WORK TO BE COMPLETED: Please give the whole listing again exactly, without any of its pictures.

INPUT DATA:
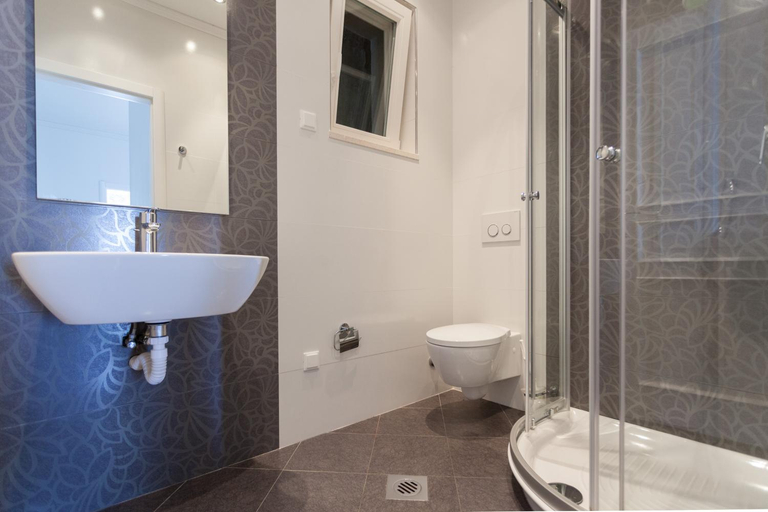 Shower 5, Luxury Apartments Con Vista, Dubrovnik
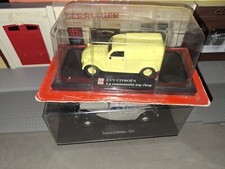 LOT    DE    DEUX  MINIATURES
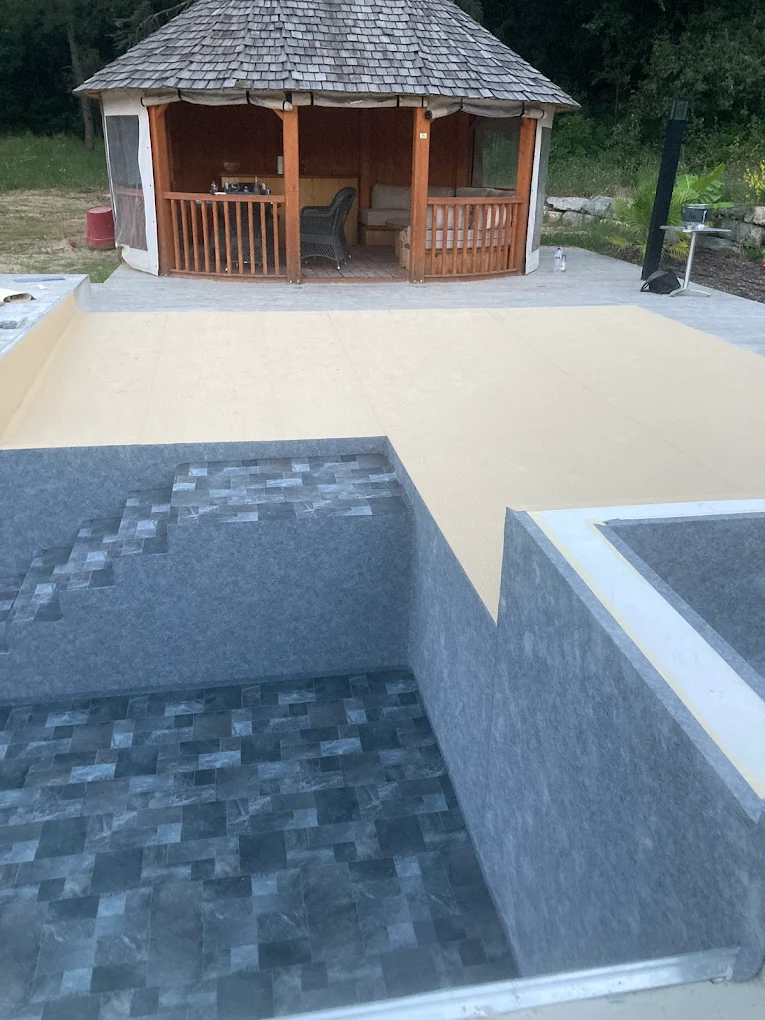 Finitions extérieures autour d'une piscine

REPLY:
 Shower 5, Luxury Apartments Con Vista, Dubrovnik
 LOT    DE    DEUX  MINIATURES
 Finitions extérieures autour d'une piscine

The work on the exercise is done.